Advancing Economic Security for Military and Veteran Spouses, Military Caregivers, and Survivors
Executive Order 14100, issued June 9, 2023, directs the federal government to take coordinated, government-wide action to improve economic security for military spouses, military caregivers, survivors, and veteran spouses. The order aims to make federal employment more accessible, fair, and retention-friendly for these groups by creating a comprehensive hiring and retention plan, expanding data collection and reporting, enhancing training for HR staff, and broadening work arrangements (including telework and relocation-related flexibility). It also targets child care access, support for military spouse entrepreneurship, and practical ways to keep qualified military-connected individuals in federal service—even as service members relocate or deploy. The order assigns leadership to the Office of Personnel Management (OPM), the Office of Management and Budget (OMB), and other key agencies (e.g., Defense, Labor, Veterans Affairs, Homeland Security, State, and others) to implement a multi-part strategy. Major features include a government-wide Military and Veteran Spouse, Military Caregiver, and Survivor Hiring and Retention Strategic Plan (the Military-Connected Plan) due within 180 days and updated at least every four years; an emphasis on data-driven reporting and potential derivative hiring preferences; expanded training for HR and hiring managers; and concrete steps to improve telework, relocation support, child care access, and small-business entrepreneurship for military-connected individuals. The order does not create new rights or funding by itself but directs agency actions within existing laws and appropriations.
Key Points
- 1Government-wide Military-Connected Plan: Within 180 days, OPM and the Deputy Director for Management (OMB), with other federal secretaries, must develop a cross-agency plan to recruit, hire, develop, promote, and retain military spouses, military caregivers, survivors, and veteran spouses. The plan must set success measures, include retention strategies, identify barriers to federal employment (including derivative eligibility and promotion), outline marketing strategies, and establish a data-driven approach to transparency and accountability. It must be updated at least every four years.

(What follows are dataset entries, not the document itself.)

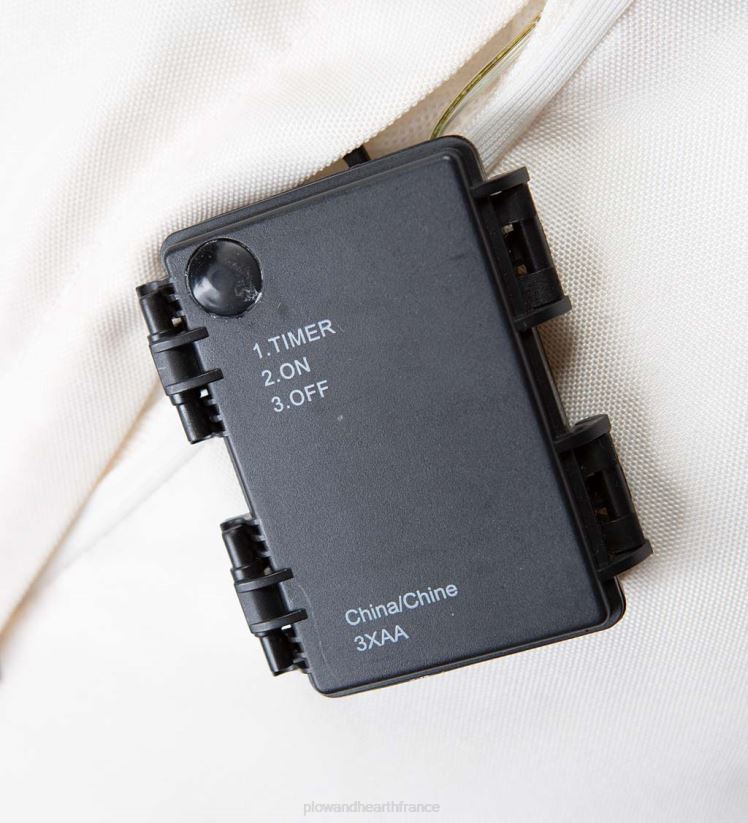 Plow & Hearth articles ménagers oreiller de feux d’artifice éclairés intérieur/extérieur 0BNZ1268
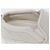 Salvatore Ferragamo Gancini Slipon Pelle 5 1/2 D Argento Auth 174632A - vista 16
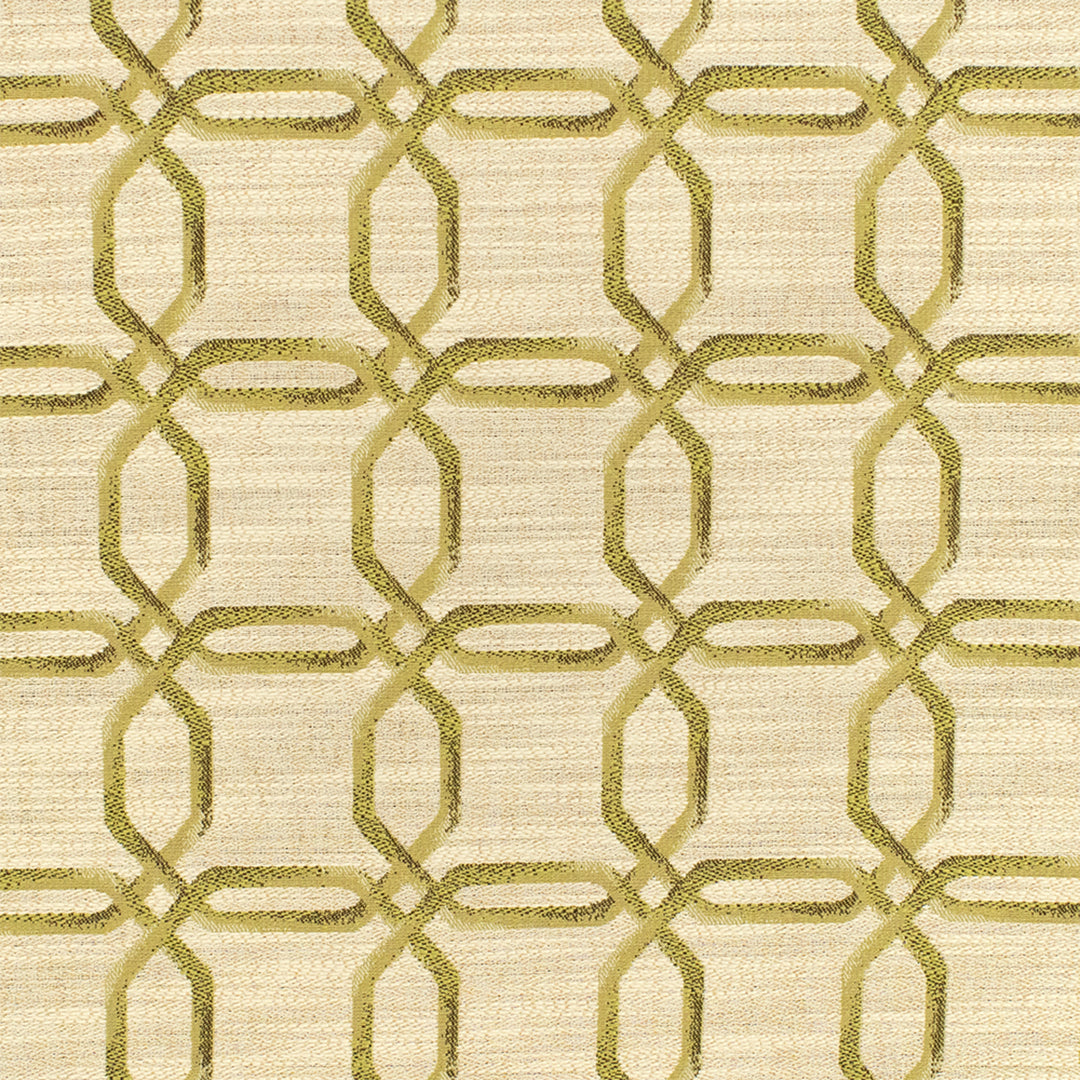 F6509 Lemon Grass by Greenhouse Designer Fabric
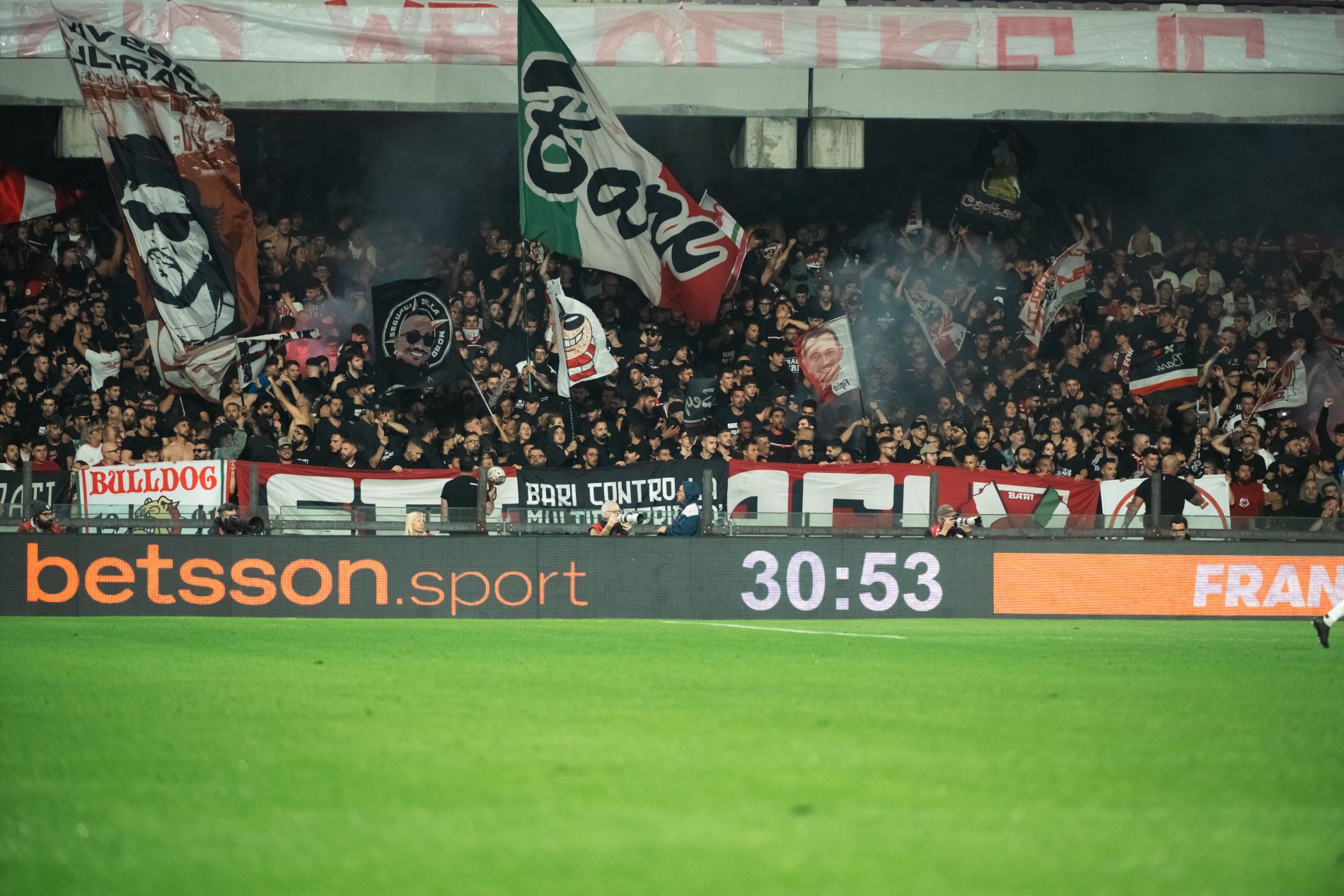 Salernitana-Bari, il dato aggiornato della prevendita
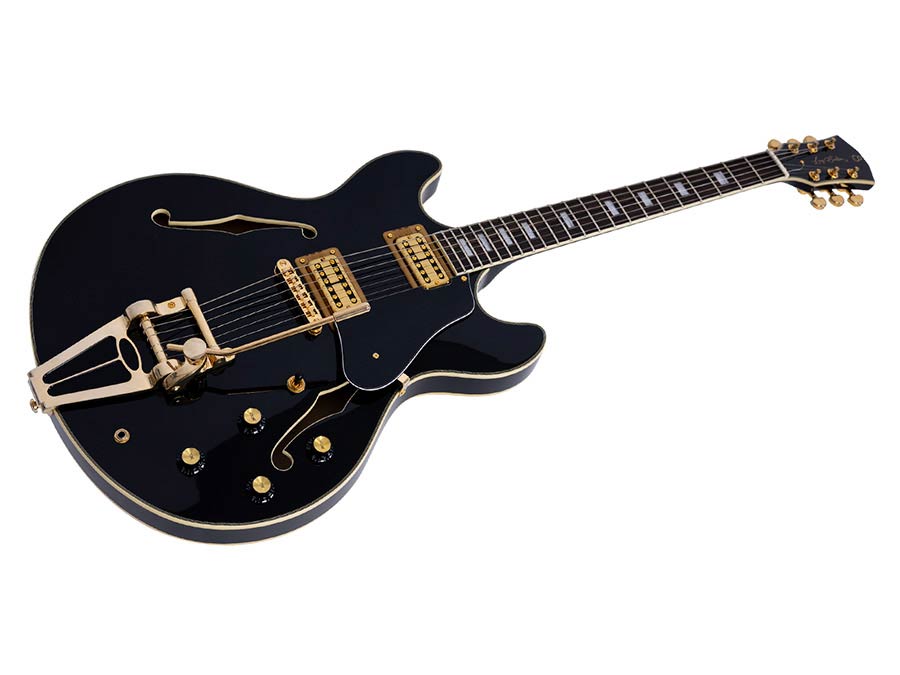 Sire H7T Larry Carlton elektrische gitaar black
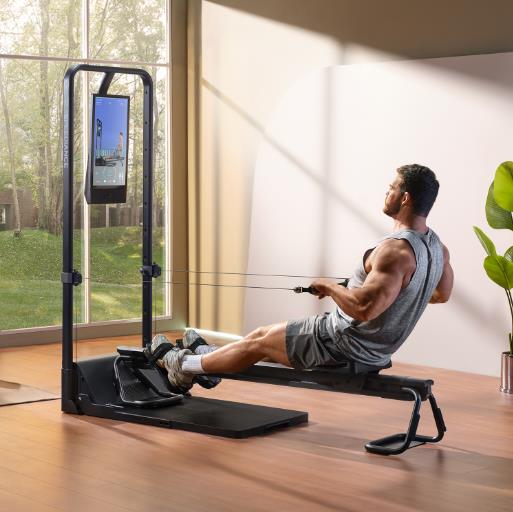 Partner Exercises Using Speediance Equipment for Motivation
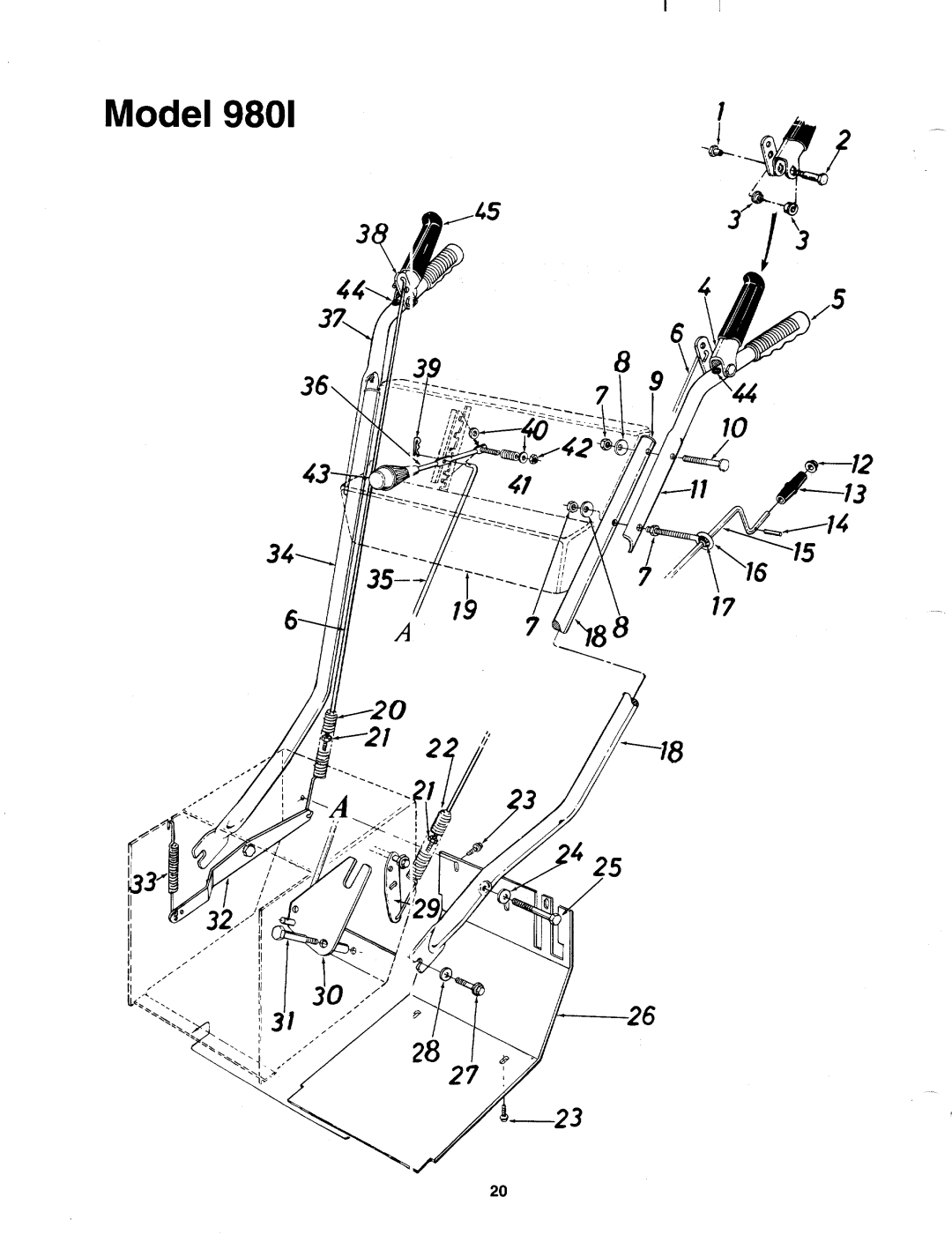 MTD 312-980I000 manual 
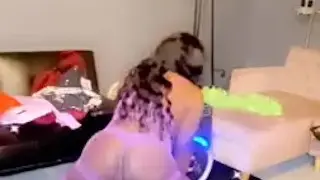 Big Ass Bear Takes Young Slim Bottom in Doggy Style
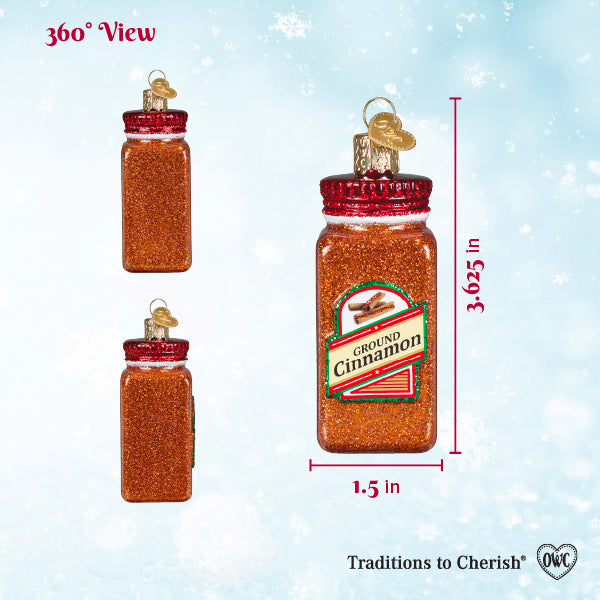 Cinnamon Seasoning Ornament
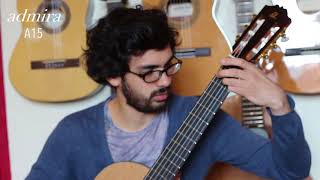 Video thumbnail for Admira A15 - Etude No.8 (Hector Villa-Lobos) by Admira France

- 2Expanded Reporting and Data: Beginning in Fiscal Year 2025, the plan requires updating the annual “Employment of Veterans in the Federal Executive Branch” report to rename and broaden it to track employment of military-connected individuals (military spouses, caregivers, survivors, and veteran spouses) in a way that allows comparison and analysis of distinct populations and hiring mechanisms. Collaboration with VA and OPM to share survey data for analysis is encouraged.
- 3Training and Hiring Authority Improvements: Agencies must provide annual HR training on employing military spouses, caregivers, and survivors, including the use of special hiring authorities (e.g., derivative/merit-based paths). The Joining Forces toolkit must be distributed, and agencies should work to publicize and enable use of relevant hiring authorities.
- 4Retention, Mobility, and Relocation Supports: The order directs guidance to reinforce telework/remote work flexibility (to aid retention), authorize up to five days of administrative leave for military spouses during geographic relocations, and encourage agency collaboration to place a spouse or caregiver in another federal position when retention is otherwise blocked by relocations or changes in duty station.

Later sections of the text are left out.